How did you get on with last week’s puzzle? It is a classic, which might be why Madness immediately knew the answer. He spent the time instead making a new image to illustrate the puzzle, and while I understand the horror of having to argue over someone sitting in the wrong seat on the plane, I have to say the odds that everyone ends up in the wrong seat and equally horrified seem vanishingly remote to me!

Here is the puzzle again in case you didn’t see it:
100 passengers board an aeroplane one after another. The first one cannot find his ticket, so chooses a random (uniformly) seat. All the other passengers do the following when entering the plane (they have their tickets). If the seat written on the ticket is available, they sit on their own seat, if not they choose another empty seat at random. What is the probability the last passenger entering the plane gets the correct seat?
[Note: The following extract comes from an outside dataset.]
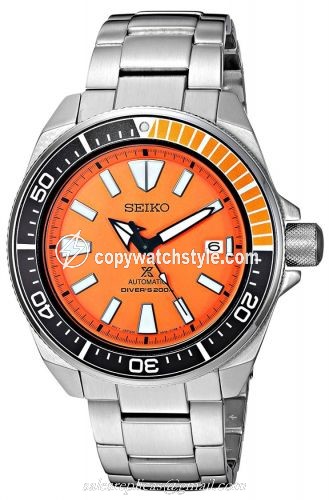 Seiko Prospex Diver Samurai Stainless Steel / Orange / Bracelet SRPB97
Answer: when the final passenger boards the plane there is one seat left and it can only be their own seat, or the seat that passenger 1 should have sat in. (The reason for that is that if the seat that passenger k should have sat in is still empty when the last passenger chooses, then it was already empty when passenger k boarded. Unless k=1, Passenger k would have sat in their own seat so it would not still be available for passenger 100.) The chance of an individual passenger choosing seat 100 or 1 is zero if their own seat is available and 50/50 if not, so it is equally likely that either of those seats is available to the last passenger, hence passenger 100 has a 50/50 chance of ending up in their own seat.
If you don’t quite believe this somewhat hand-wavey explanation, then try working out what would happen on a smaller plane with say 3 or 4 seats, and if you prefer a more algebraic argument then take a look at the short and elegant article by Yared Nigussie in the American Mathematical Monthly: https://www.tandfonline.com/doi/abs/10.4169/amer.math.monthly.121.06.545. The article is blocked by a paywall, but luckily there is a link to the pdf of the preprint, which I found on Researchgate.
Now for today’s puzzle!

On my birthday this year I noticed that if I reverse the digits of my age I get my father’s age. On my previous birthday he was twice my age. How old was my father when I was born?